Following the statement that Dr Abiye Ahmed Ali has been announced as the presumptive new Ethiopian Prime Minister, Professor Ann Fitz-Gerald from Cranfield University and one of the UK’s leading experts in Ethiopian affairs, said:
“Following an intense period of unrest in Ethiopia which has been marked by anti-government protests, acknowledged failures in political leadership, the resignation of Prime Minister Hailemariam Deselegn, and further incidents of violence in four of the country’s regional states, the appointment of Dr. Abiye gives some hope for peace, continuity and stability both in Ethiopia and the wider region.
“Perhaps the most glaring and imminent challenge for the new leader will be to open space for a more plural and inclusive political dialogue. Quick wins in this area will go some way to closing the gap between the ruling administration and those opposition groups operating from both inside and outside of Ethiopia.
“As commentators continue to question whether Africa’s development ‘jewel’ is heading towards peril, the appointment of Dr.Abiye Ahmed Ali as Ethiopia’s new Prime Minister should be welcomed and supported. Beyond his professional and policy experience, his personal roots, institutional networks and academic background help provide a compelling profile which could tackle the country’s current agenda. The challenge will now be for the new leader to select a bright, gender-balanced cabinet to bridge the gains of the past and the challenges of the future. It should also aim to prioritise areas which address a more plural political dialogue, youth employment opportunities and a resilient, yet measured and socially progressive, economic agenda.

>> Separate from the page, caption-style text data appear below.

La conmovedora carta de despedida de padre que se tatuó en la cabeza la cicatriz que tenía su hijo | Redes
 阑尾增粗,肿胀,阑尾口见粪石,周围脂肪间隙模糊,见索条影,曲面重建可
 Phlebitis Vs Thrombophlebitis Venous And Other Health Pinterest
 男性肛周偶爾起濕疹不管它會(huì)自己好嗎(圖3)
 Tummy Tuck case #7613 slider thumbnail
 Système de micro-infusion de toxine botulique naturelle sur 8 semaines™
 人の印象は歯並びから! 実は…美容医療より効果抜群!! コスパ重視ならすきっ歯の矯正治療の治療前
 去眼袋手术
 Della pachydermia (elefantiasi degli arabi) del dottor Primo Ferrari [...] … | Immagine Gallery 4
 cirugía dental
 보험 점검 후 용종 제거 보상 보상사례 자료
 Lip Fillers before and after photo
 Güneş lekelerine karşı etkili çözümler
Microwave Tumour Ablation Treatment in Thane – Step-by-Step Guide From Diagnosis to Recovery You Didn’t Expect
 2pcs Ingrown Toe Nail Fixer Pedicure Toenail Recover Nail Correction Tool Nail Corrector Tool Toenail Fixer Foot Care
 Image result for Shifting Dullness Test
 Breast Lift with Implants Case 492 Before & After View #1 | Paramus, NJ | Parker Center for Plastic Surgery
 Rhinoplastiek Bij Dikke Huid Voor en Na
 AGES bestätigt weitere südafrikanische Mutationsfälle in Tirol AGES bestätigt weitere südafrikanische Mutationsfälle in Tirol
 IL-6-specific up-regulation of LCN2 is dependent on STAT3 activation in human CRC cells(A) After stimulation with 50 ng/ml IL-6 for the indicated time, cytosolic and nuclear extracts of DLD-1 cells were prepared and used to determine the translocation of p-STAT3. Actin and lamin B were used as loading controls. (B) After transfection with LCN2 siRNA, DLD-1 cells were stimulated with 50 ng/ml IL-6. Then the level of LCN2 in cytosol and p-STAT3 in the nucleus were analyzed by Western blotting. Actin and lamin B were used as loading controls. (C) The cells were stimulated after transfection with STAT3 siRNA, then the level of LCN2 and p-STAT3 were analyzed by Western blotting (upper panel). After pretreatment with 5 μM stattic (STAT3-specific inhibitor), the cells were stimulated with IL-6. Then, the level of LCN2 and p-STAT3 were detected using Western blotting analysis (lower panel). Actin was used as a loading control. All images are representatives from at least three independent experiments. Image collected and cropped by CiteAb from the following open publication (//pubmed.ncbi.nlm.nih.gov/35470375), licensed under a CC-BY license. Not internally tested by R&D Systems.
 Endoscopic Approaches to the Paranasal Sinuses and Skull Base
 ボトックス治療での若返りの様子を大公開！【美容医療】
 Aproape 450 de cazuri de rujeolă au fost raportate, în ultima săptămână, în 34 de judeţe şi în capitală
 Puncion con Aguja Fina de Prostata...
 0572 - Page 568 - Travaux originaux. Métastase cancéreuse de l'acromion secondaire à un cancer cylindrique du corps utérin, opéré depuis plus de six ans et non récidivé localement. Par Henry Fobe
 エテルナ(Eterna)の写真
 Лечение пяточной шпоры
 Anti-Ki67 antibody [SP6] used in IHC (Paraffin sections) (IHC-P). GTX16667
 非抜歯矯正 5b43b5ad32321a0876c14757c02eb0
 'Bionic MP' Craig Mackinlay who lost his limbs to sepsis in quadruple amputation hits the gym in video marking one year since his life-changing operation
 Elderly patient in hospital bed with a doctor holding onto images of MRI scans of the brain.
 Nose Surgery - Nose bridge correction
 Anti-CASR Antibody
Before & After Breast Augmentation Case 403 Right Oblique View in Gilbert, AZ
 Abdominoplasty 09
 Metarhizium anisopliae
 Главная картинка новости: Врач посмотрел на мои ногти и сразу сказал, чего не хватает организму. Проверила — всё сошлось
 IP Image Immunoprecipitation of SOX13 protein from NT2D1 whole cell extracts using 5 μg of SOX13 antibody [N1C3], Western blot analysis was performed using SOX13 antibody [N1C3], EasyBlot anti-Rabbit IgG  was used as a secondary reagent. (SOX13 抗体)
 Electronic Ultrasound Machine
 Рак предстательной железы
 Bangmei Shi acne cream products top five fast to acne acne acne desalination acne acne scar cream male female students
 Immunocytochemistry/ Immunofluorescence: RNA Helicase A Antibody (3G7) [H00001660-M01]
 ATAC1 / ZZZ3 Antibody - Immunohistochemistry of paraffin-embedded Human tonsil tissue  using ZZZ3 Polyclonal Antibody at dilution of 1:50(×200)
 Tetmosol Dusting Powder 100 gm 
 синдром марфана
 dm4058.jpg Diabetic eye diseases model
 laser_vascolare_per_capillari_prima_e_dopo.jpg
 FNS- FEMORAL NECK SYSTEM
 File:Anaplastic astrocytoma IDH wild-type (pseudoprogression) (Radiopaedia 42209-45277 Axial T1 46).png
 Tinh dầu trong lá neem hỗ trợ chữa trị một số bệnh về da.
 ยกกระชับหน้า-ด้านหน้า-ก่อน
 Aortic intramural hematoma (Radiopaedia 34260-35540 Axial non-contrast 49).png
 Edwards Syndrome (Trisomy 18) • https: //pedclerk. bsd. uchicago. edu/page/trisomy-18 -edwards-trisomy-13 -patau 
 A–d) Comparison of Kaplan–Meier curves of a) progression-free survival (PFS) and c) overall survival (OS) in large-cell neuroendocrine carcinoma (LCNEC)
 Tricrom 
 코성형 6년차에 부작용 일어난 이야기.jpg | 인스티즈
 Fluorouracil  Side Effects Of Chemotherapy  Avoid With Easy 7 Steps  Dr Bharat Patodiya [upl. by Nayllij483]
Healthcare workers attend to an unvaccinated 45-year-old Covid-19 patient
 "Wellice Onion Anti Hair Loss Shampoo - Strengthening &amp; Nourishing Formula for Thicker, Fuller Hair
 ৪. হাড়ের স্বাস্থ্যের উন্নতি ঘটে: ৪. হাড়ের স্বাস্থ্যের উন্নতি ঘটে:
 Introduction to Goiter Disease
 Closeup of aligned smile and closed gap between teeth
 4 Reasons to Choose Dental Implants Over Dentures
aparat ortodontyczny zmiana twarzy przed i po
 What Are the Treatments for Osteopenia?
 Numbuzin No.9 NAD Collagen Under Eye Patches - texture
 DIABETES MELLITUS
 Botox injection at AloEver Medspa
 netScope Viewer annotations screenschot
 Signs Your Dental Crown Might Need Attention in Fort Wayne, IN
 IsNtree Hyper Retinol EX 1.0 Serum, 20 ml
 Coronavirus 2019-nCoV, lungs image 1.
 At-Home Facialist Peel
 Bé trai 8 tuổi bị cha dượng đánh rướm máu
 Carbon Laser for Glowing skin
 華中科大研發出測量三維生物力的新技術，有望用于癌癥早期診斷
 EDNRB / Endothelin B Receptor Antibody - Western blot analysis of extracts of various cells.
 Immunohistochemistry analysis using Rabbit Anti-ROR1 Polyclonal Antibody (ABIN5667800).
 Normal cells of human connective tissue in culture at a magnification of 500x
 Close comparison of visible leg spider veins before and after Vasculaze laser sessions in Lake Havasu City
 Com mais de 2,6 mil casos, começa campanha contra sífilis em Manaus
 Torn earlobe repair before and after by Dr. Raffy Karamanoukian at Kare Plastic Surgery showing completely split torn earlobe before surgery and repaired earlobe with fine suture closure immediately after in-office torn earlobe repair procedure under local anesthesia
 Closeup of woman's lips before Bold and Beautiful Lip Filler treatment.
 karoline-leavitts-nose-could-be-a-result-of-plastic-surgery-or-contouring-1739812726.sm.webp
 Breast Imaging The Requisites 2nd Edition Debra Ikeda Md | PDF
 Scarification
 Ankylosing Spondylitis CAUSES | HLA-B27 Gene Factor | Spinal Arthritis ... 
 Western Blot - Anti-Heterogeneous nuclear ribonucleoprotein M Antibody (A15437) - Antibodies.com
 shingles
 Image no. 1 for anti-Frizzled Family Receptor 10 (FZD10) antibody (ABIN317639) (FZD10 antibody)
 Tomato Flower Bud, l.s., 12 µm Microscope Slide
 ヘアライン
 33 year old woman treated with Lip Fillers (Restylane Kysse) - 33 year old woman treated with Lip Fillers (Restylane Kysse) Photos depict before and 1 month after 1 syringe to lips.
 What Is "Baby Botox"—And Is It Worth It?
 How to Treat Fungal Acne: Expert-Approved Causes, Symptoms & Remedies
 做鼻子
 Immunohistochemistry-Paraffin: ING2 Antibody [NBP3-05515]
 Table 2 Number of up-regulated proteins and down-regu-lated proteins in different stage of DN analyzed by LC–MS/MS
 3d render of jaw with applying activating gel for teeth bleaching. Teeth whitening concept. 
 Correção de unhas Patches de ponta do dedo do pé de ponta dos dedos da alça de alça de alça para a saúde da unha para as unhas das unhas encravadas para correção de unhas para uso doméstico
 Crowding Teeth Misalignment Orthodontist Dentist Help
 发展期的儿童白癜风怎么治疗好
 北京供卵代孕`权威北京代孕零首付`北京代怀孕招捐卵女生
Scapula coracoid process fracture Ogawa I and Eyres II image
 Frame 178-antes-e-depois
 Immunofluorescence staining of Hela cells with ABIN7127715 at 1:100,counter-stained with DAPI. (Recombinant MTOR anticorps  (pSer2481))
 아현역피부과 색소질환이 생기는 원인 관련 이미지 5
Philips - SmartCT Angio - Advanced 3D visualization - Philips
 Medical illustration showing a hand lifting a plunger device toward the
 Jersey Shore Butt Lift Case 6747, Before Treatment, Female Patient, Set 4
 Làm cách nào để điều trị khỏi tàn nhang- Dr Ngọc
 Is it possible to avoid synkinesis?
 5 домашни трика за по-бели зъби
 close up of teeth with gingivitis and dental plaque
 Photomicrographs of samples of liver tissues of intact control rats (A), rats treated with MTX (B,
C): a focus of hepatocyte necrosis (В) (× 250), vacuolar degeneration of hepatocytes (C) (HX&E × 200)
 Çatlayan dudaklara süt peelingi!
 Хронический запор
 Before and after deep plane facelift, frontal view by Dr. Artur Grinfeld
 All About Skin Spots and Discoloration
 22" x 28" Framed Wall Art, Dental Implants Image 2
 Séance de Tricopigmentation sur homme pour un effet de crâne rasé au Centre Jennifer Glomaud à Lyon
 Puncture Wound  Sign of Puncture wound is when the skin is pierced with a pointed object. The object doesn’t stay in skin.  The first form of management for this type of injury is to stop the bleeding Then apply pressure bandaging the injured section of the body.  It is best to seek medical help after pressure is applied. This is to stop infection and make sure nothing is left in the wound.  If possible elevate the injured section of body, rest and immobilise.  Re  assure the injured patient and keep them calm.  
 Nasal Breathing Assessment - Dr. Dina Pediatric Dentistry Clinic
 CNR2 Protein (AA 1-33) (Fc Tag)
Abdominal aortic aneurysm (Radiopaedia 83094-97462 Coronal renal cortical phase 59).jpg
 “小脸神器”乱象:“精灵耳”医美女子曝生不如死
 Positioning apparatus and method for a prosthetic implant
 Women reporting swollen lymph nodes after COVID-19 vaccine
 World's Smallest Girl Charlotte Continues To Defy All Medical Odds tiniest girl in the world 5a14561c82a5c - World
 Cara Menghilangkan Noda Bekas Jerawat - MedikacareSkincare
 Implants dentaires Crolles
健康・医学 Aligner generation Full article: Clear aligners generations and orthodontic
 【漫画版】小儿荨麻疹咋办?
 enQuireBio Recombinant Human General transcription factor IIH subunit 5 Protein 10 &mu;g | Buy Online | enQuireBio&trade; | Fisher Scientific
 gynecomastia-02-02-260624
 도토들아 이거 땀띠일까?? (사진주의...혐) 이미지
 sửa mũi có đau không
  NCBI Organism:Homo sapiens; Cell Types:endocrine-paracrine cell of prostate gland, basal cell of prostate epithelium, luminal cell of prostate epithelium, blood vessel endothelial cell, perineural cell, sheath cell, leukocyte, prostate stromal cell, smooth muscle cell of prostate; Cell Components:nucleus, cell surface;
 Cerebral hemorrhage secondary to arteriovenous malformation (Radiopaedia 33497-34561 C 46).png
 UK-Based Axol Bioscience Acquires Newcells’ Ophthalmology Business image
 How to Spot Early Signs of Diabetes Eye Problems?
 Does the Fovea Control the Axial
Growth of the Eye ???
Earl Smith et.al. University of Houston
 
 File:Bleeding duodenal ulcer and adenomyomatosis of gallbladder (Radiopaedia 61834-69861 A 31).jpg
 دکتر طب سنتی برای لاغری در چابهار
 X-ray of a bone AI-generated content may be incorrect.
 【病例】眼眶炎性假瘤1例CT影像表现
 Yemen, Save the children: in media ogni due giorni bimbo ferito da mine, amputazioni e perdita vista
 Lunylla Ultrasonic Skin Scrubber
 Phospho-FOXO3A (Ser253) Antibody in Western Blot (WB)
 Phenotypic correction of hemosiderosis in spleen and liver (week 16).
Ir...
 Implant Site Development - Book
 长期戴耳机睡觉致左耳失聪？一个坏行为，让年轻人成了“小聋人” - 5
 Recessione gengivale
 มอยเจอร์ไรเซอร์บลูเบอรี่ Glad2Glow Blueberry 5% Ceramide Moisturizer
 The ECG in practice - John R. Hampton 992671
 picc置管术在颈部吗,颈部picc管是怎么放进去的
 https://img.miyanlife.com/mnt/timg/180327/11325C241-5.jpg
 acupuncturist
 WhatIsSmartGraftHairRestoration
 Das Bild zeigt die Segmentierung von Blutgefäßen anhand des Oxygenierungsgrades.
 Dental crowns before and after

“Despite a rocky start to 2018, this year could prove to be the start of Ethiopia’s new dawn.”
Notes for editors
About Professor Ann Fitz-Gerald
Ann Fitz-Gerald is a Professor of international security management at Cranfield University. Prior to joining Cranfield’s Department of Security and Management, she worked at the Centre for Defence Studies, King’s College, London University. Ann has worked with many African governments on issues relating to national security and security sector governance, as well as supporting peace talks and national security dialogue. She is currently the Course Director for Cranfield University’s Masters programme in Security Sector Management, which is delivered in both the United Kingdom and in East Africa.